Question

A 2 cm tall object is placed perpendicular to the principal axis of a convex lens with a focal length of 10 cm. The distance of the object from the lens is 15 cm. Find the position, nature, and size of the image. Calculate the magnification of the lens.

Answer 1

Step 1, Given data

Object distance,u = - 15 cm
Focal length,f = + 10 cm
Object's height,h = + 2 cm
Image distance,v = ?
Image height, $h^{{}^{\prime }}=?$

Step 2, Finding the position of the image

Using the lens formula, $\frac{1}{v}-\frac{1}{u}=\frac{1}{f}$

Putting all the values

$\frac{1}{v}=\frac{1}{10}-\frac{1}{15}$

Or,

$v=30cm$

The positive sign of $v$ shows that the image is formed at a distance of 30 cm on the right side of the lens. Therefore the image is real and inverted.
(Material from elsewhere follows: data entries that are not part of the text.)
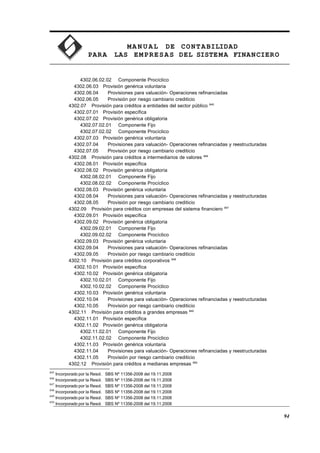MA N U AL DE CONTABILIDAD
PARA LAS EMPRESAS DEL SISTEMA FINANCIERO
4302.06.02.02 Componente Procíclico
4302.06.03 Provisión genérica voluntaria
4302.06.04 Provisiones para valuación- Operaciones refinanciadas
4302.06.05 Provisión por riesgo cambiario crediticio
4302.07 Provisión para créditos a entidades del sector público 845
4302.07.01 Provisión específica
4302.07.02 Provisión genérica obligatoria
4302.07.02.01 Componente Fijo
4302.07.02.02 Componente Procíclico
4302.07.03 Provisión genérica voluntaria
4302.07.04 Provisiones para valuación- Operaciones refinanciadas y reestructuradas
4302.07.05 Provisión por riesgo cambiario crediticio
4302.08 Provisión para créditos a intermediarios de valores 846
4302.08.01 Provisión específica
4302.08.02 Provisión genérica obligatoria
4302.08.02.01 Componente Fijo
4302.08.02.02 Componente Procíclico
4302.08.03 Provisión genérica voluntaria
4302.08.04 Provisiones para valuación- Operaciones refinanciadas y reestructuradas
4302.08.05 Provisión por riesgo cambiario crediticio
4302.09 Provisión para créditos con empresas del sistema financiero 847
4302.09.01 Provisión específica
4302.09.02 Provisión genérica obligatoria
4302.09.02.01 Componente Fijo
4302.09.02.02 Componente Procíclico
4302.09.03 Provisión genérica voluntaria
4302.09.04 Provisiones para valuación- Operaciones refinanciadas
4302.09.05 Provisión por riesgo cambiario crediticio
4302.10 Provisión para créditos corporativos 848
4302.10.01 Provisión específica
4302.10.02 Provisión genérica obligatoria
4302.10.02.01 Componente Fijo
4302.10.02.02 Componente Procíclico
4302.10.03 Provisión genérica voluntaria
4302.10.04 Provisiones para valuación- Operaciones refinanciadas y reestructuradas
4302.10.05 Provisión por riesgo cambiario crediticio
4302.11 Provisión para créditos a grandes empresas 849
4302.11.01 Provisión específica
4302.11.02 Provisión genérica obligatoria
4302.11.02.01 Componente Fijo
4302.11.02.02 Componente Procíclico
4302.11.03 Provisión genérica voluntaria
4302.11.04 Provisiones para valuación- Operaciones refinanciadas y reestructuradas
4302.11.05 Provisión por riesgo cambiario crediticio
4302.12 Provisión para créditos a medianas empresas 850
845
Incorporado por la Resol. SBS Nº 11356-2008 del 19.11.2008
846
Incorporado por la Resol. SBS Nº 11356-2008 del 19.11.2008
847
Incorporado por la Resol. SBS Nº 11356-2008 del 19.11.2008
848
Incorporado por la Resol. SBS Nº 11356-2008 del 19.11.2008
849
Incorporado por la Resol. SBS Nº 11356-2008 del 19.11.2008
850
Incorporado por la Resol. SBS Nº 11356-2008 del 19.11.2008
94
 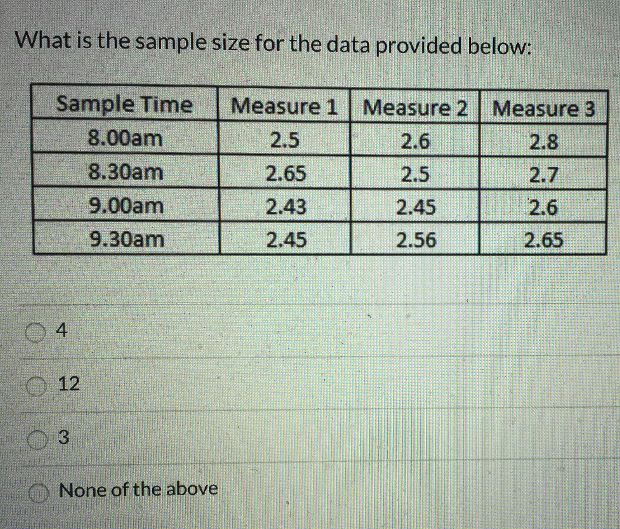 The data provided below represent weight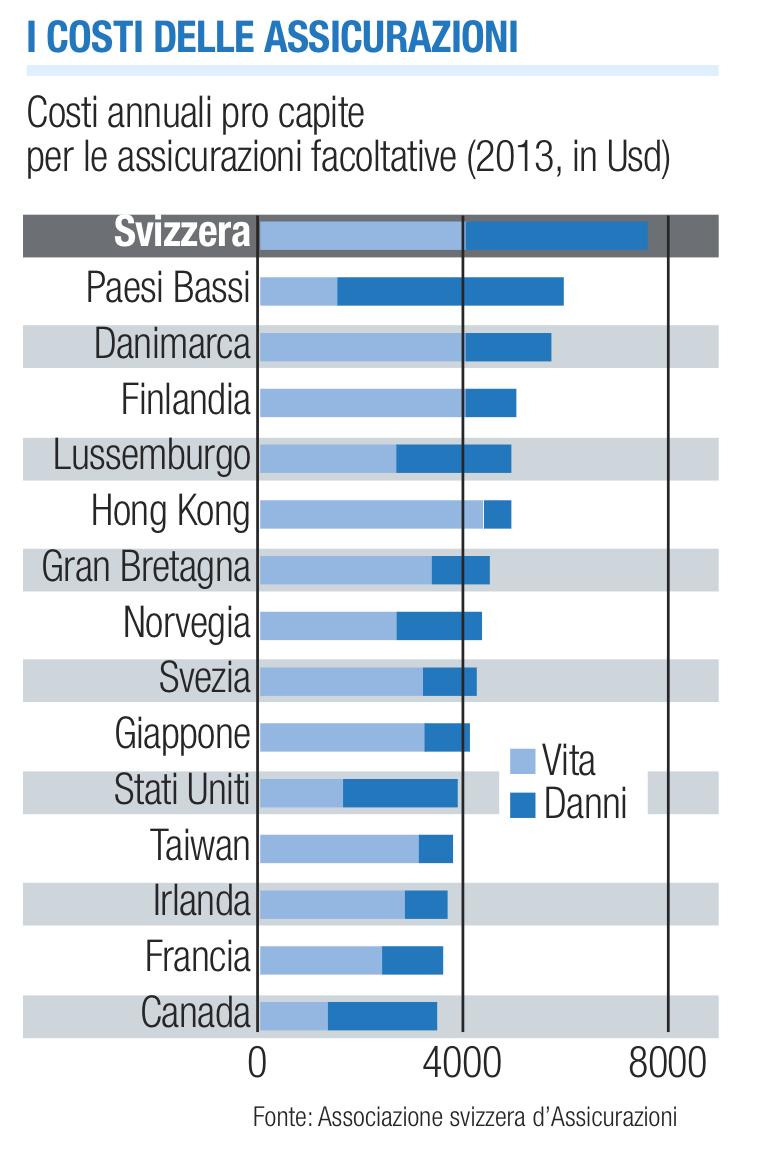 costi delle assicurazioni
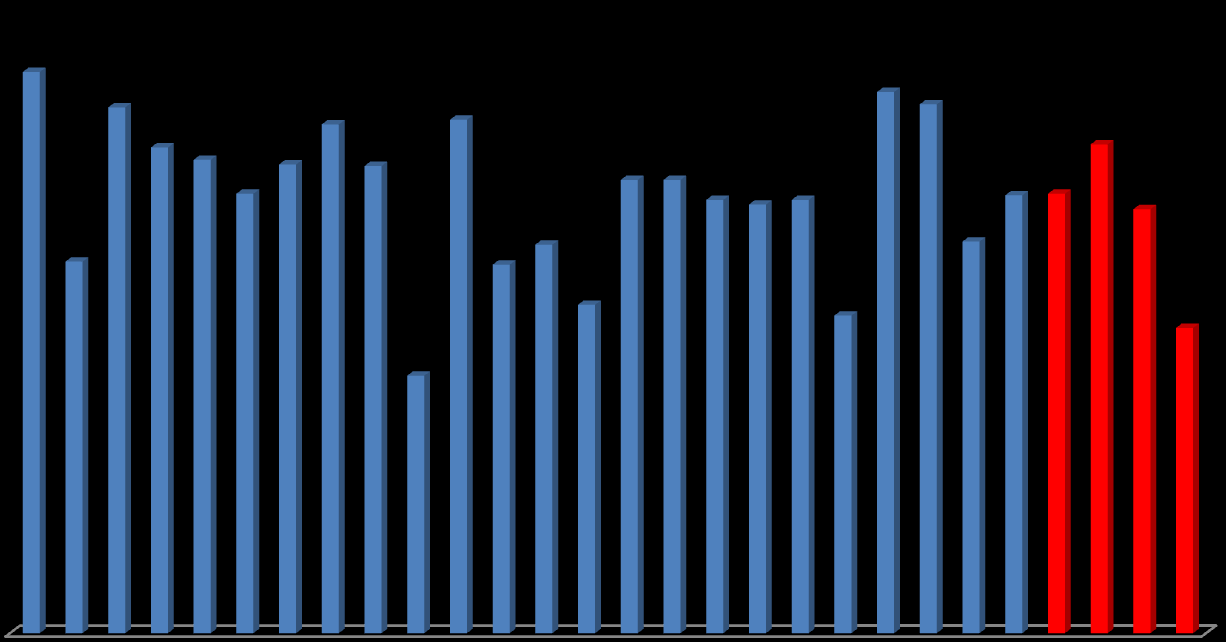 Sarpsborg Tromsø Trondheim Kvinesdal Lier 2007 Time Drammen Rngerike Kvinnherad Høylandet Grue Lilleh Hol Narvik Steinkjer, tot Overhalla Brem tot Lebesby Ål Øyer 2009 Stjørdal Karasj Kragerø Øyer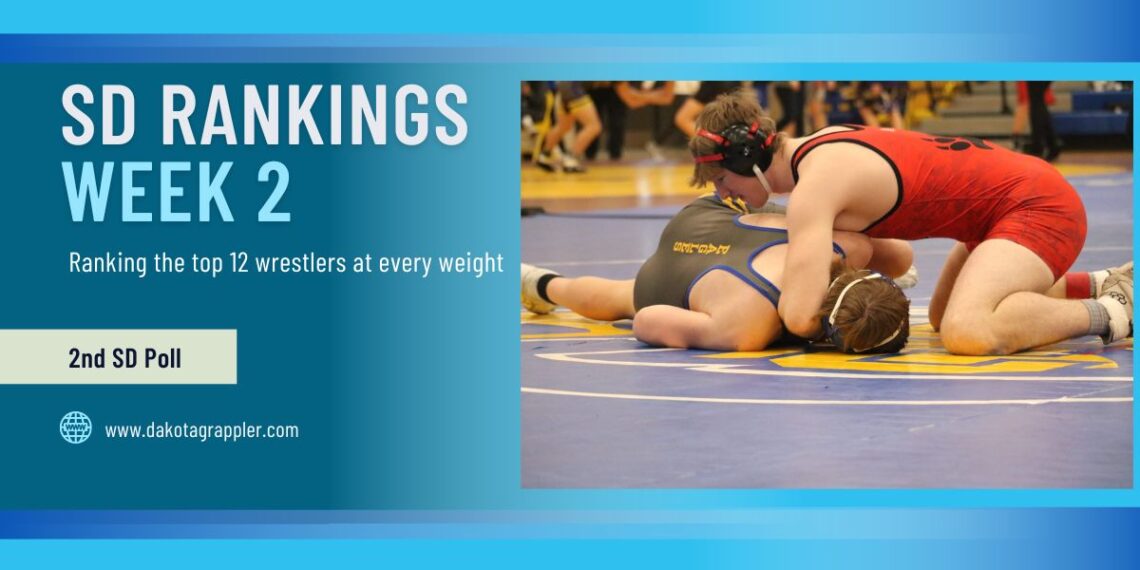 Dakota Grappler’s North Dakota Class B Rankings DAKOTAGRAPPLER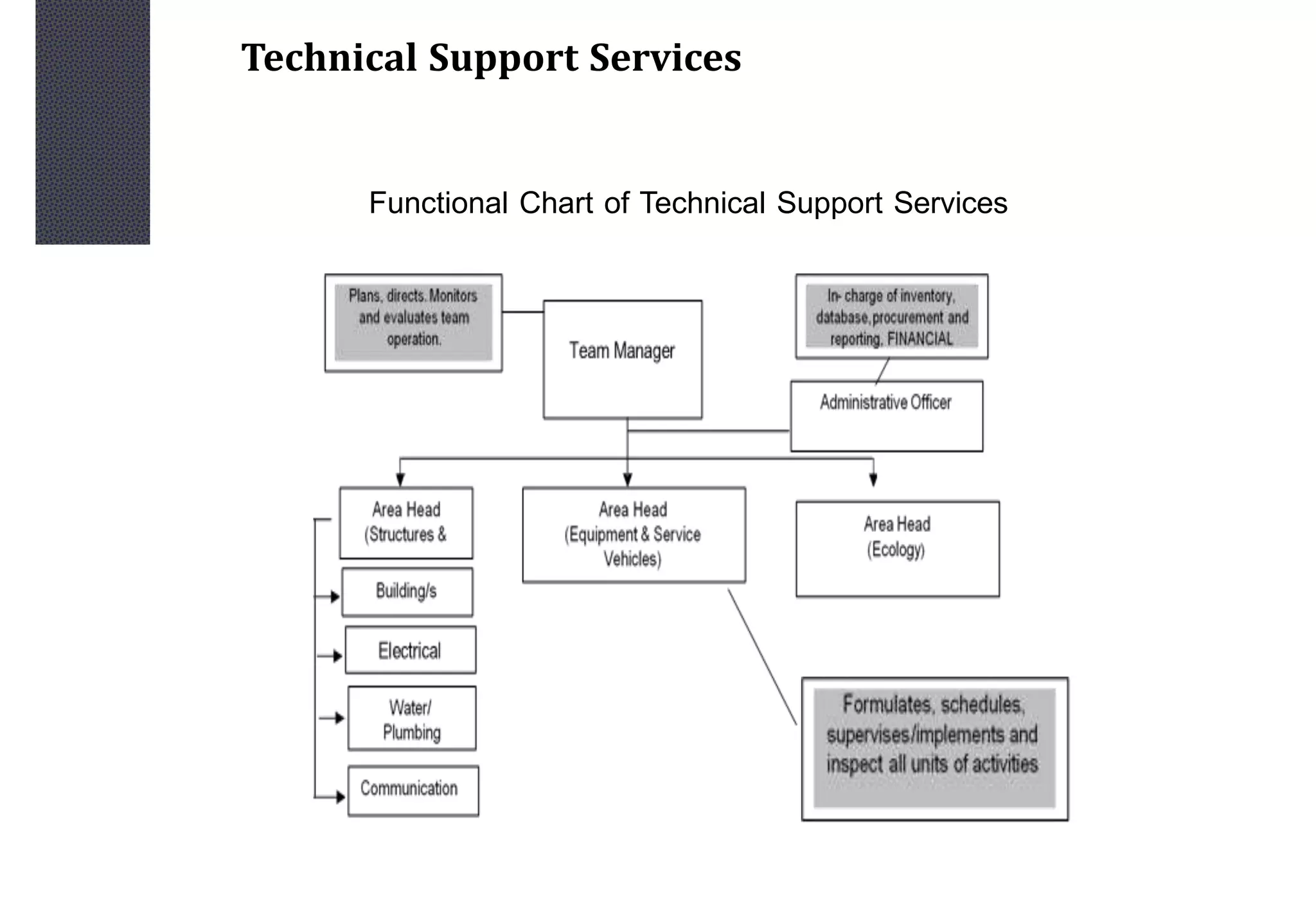 Technical Support Services
Functional Chart of Technical Support Services
 
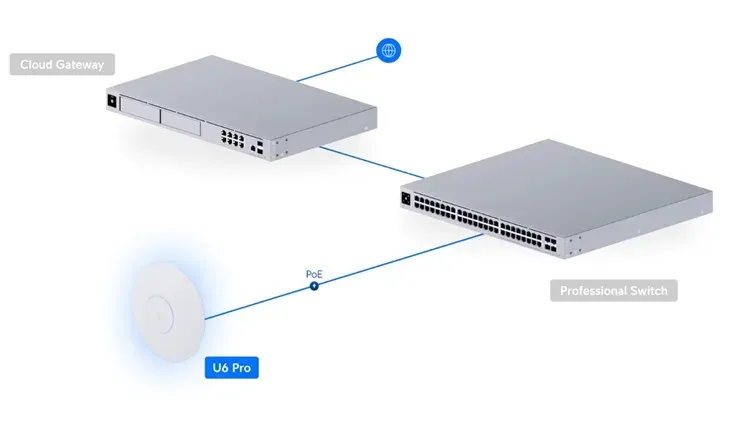UBIQUITI UniFi AP U6-PRO – WiFi 6 Access Point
Step 3, Finding the magnification

We know,

Magnification, $m=\frac{h^{\prime }}{h}=\frac{v}{u}$

Putting all the values

$\frac{h^{{}^{\prime }}}{2.0}=\frac{+30}{-15}=-2$

$h^{\prime }=-2\times 2=-4cm$

Magnification, $m=\frac{v}{u}=\frac{30}{-15}=-2$

Negative sign with the magnification and height of the image shows that the image is inverted and real. Thus, a real image of height 4 cm is formed at a distance of 30 cm on the right side of the lens. Image is inverted and twice the size of the object.